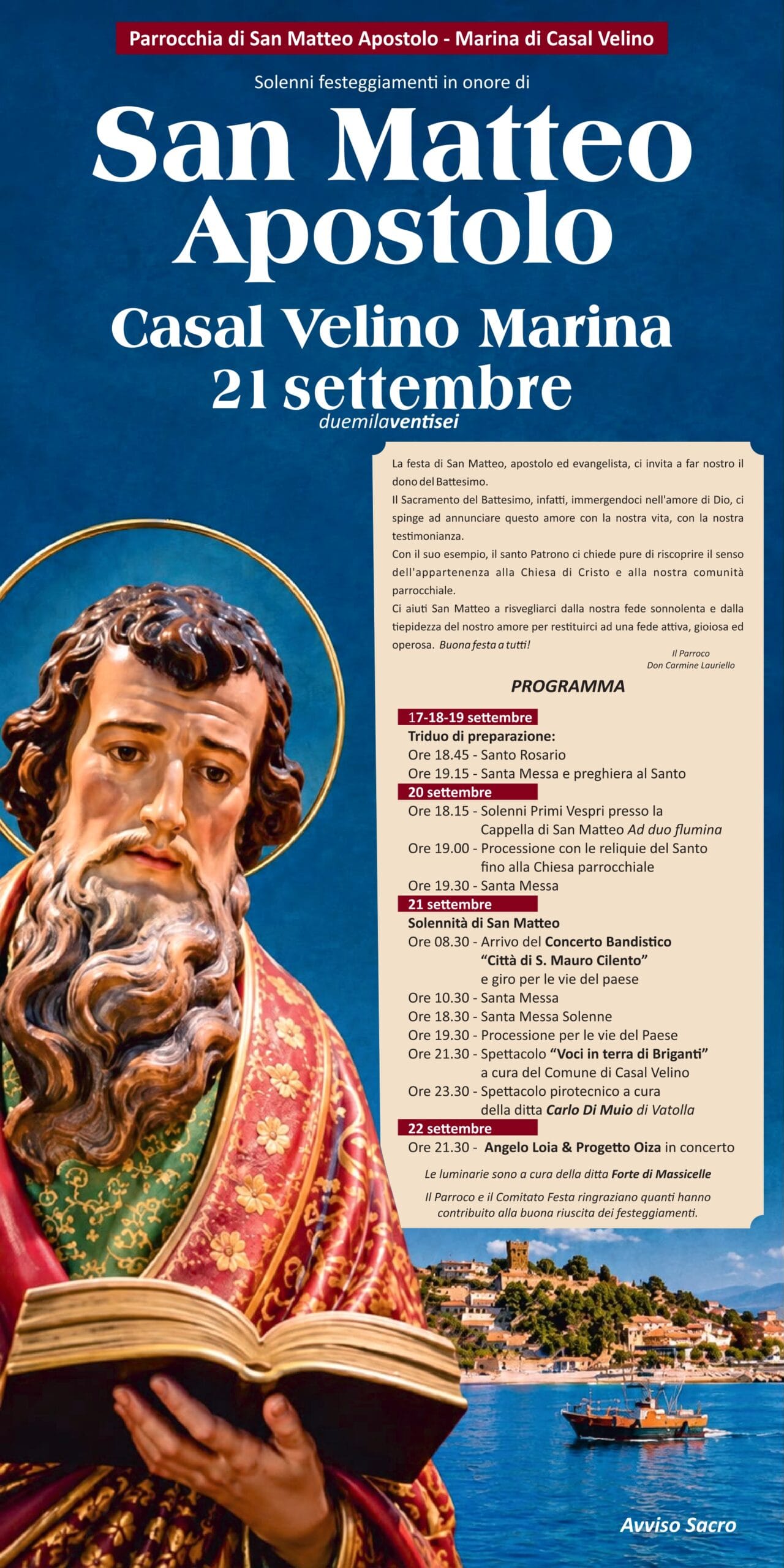 san matteo page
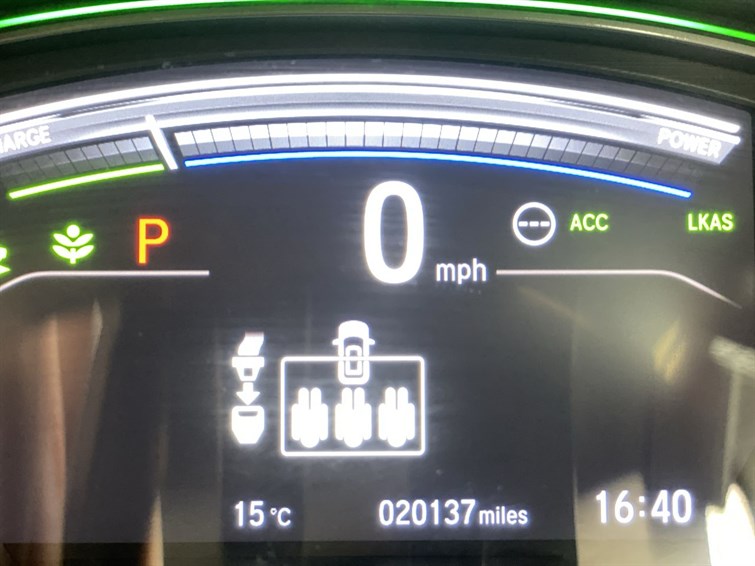 Used Honda CR-V 2022 for sale - 77910435: Photo 11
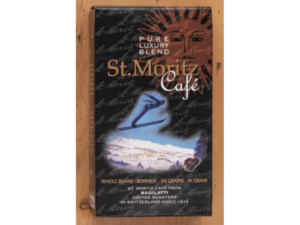 St. Moritz Coffee On Cafendo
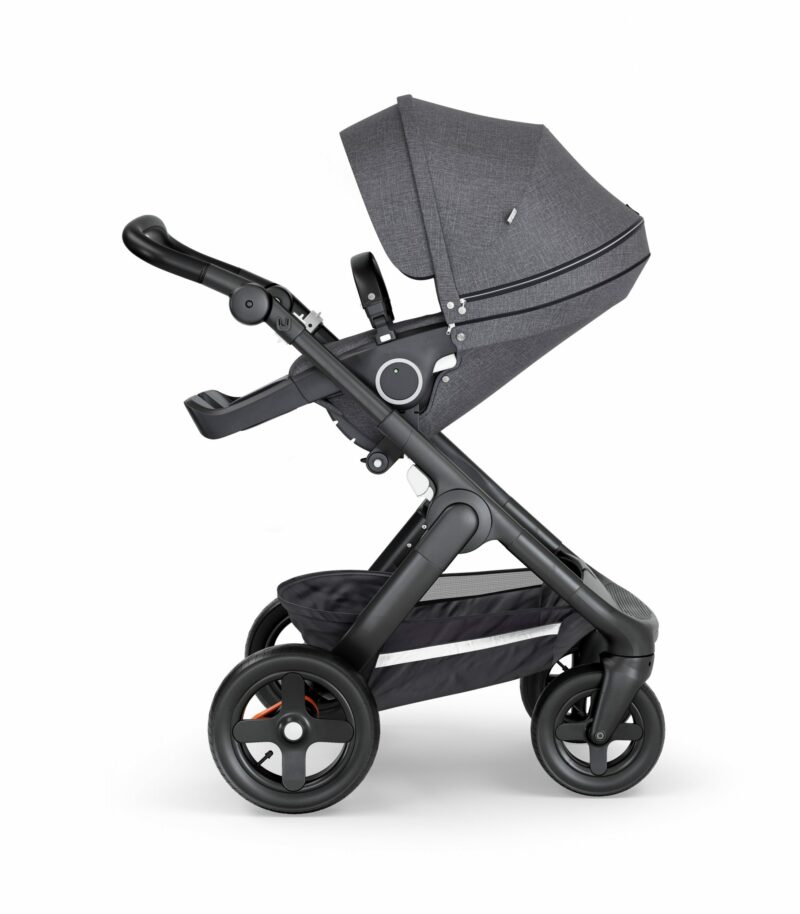 Trailz Stroller Seat Recline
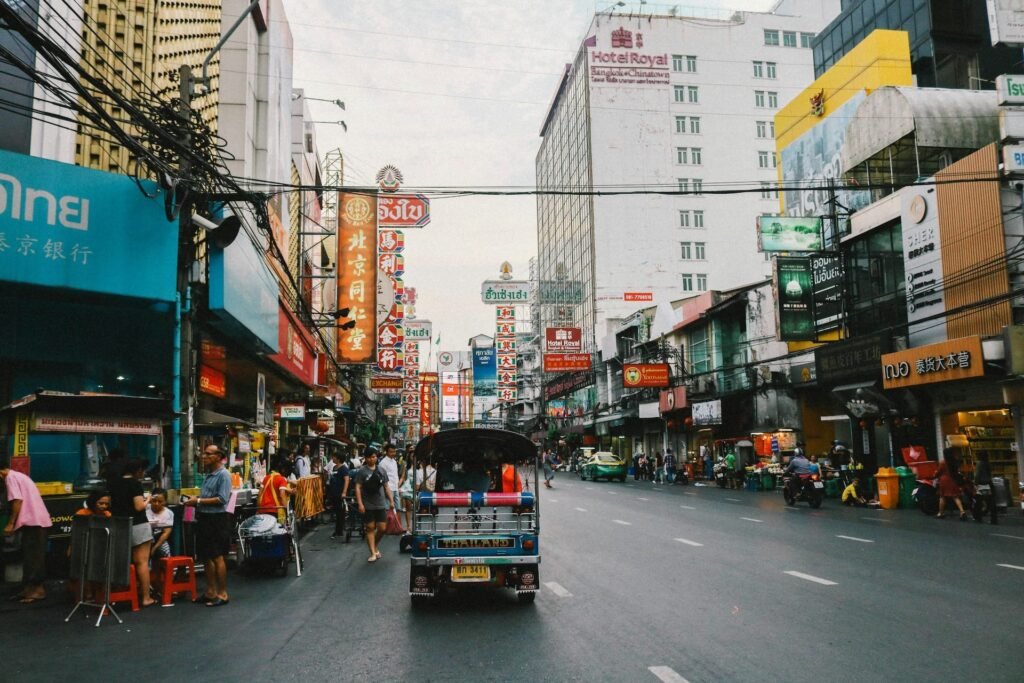 Thailand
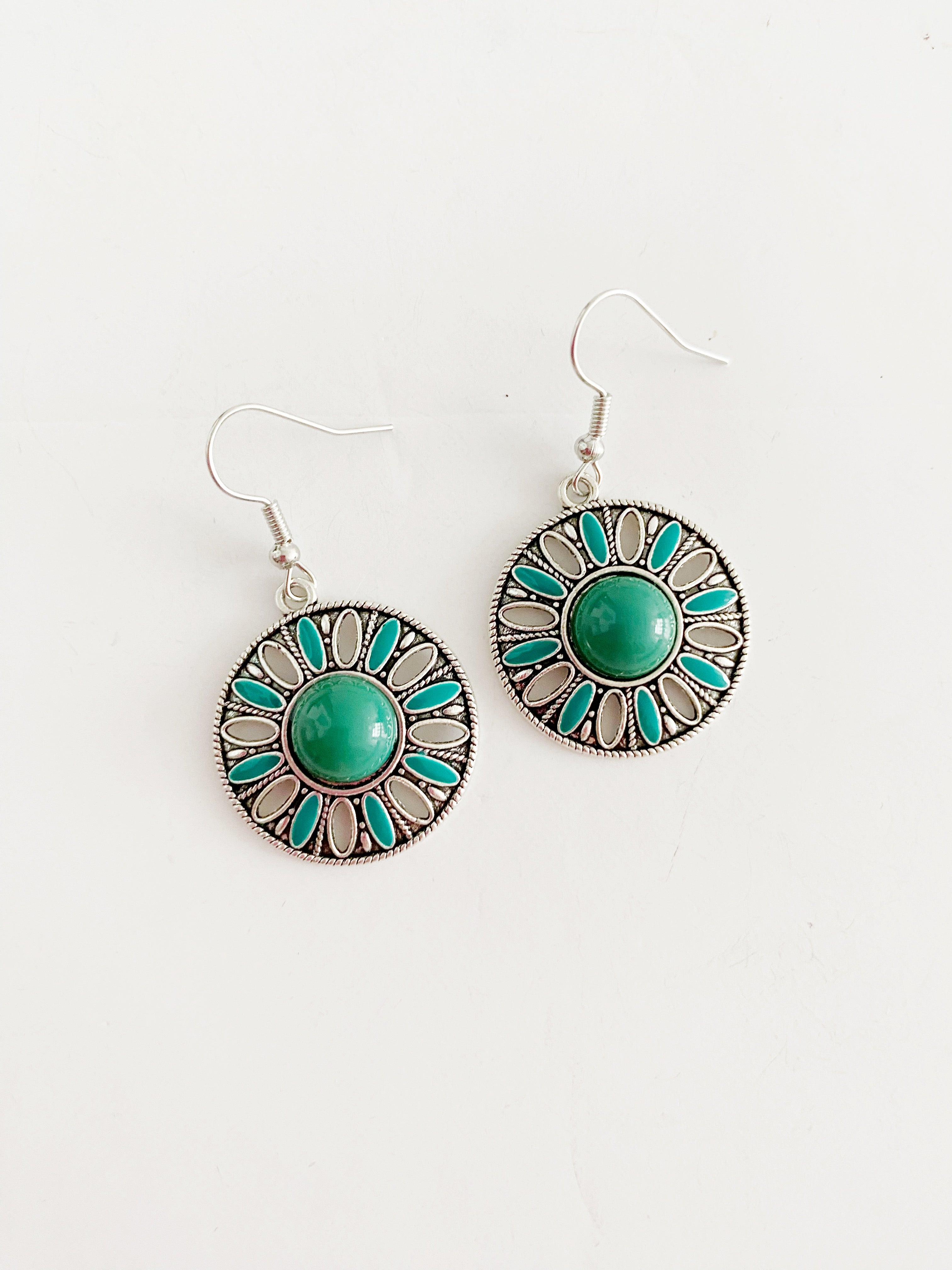 Boucles d'oreilles Tamila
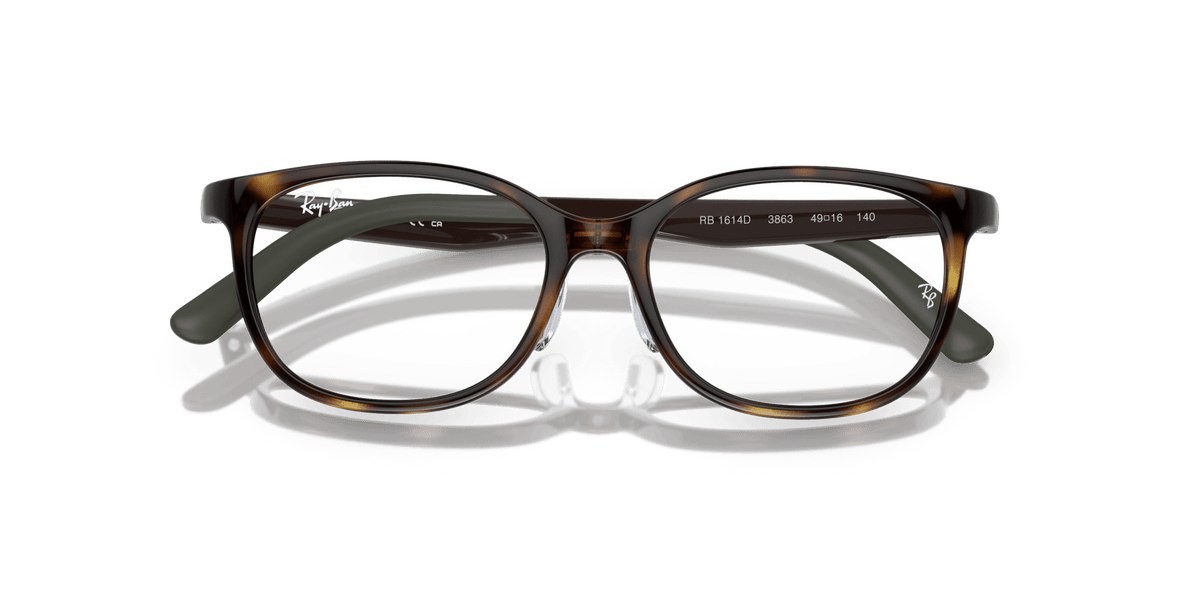 Ray-Ban RY1614D Pillow Eyeglasses -RAY-BAN KIDS Eyeglasses- Optivision
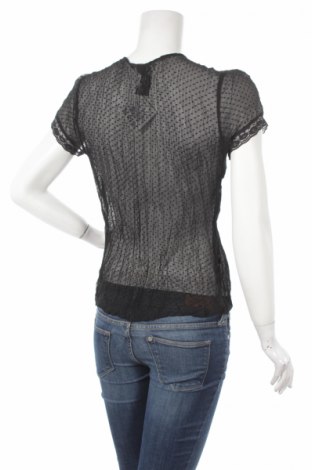 Γυναικείο πουκάμισο Street One, Μέγεθος M, Χρώμα Μαύρο, Τιμή 9,90 €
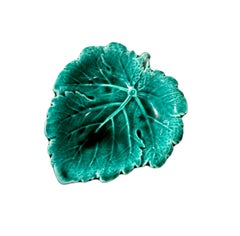 Wedgwood Majolica Leaf Dish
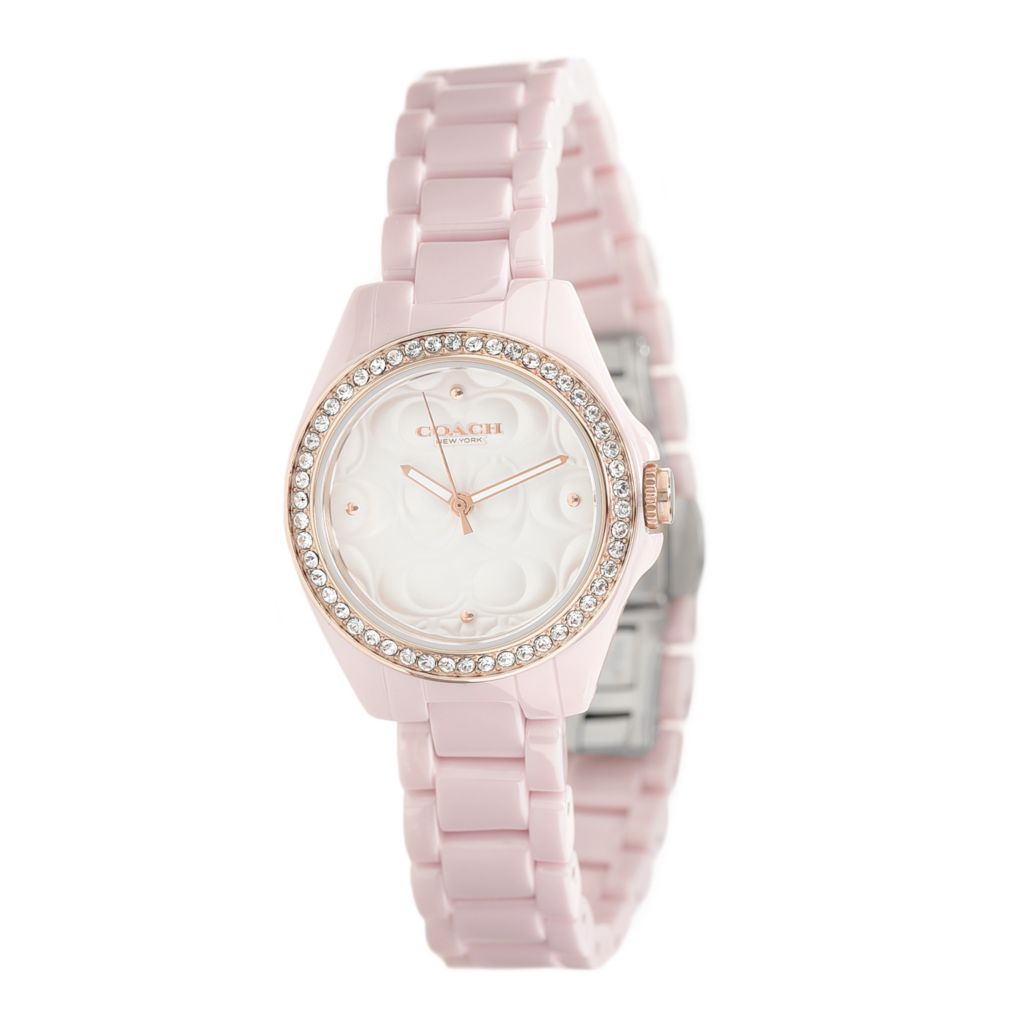 Coach Women's Park Watch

· · · · ·

*PROBLEM REQUIREMENTS*
Extract, word for word, every line from the one containing "Ray-Ban RY1614D Pillow" to the end of the data above, both ends included, and leave out the pictures.

*YOUR SOLUTION*
 Ray-Ban RY1614D Pillow Eyeglasses -RAY-BAN KIDS Eyeglasses- Optivision
 Γυναικείο πουκάμισο Street One, Μέγεθος M, Χρώμα Μαύρο, Τιμή 9,90 €
 Wedgwood Majolica Leaf Dish
 Coach Women's Park Watch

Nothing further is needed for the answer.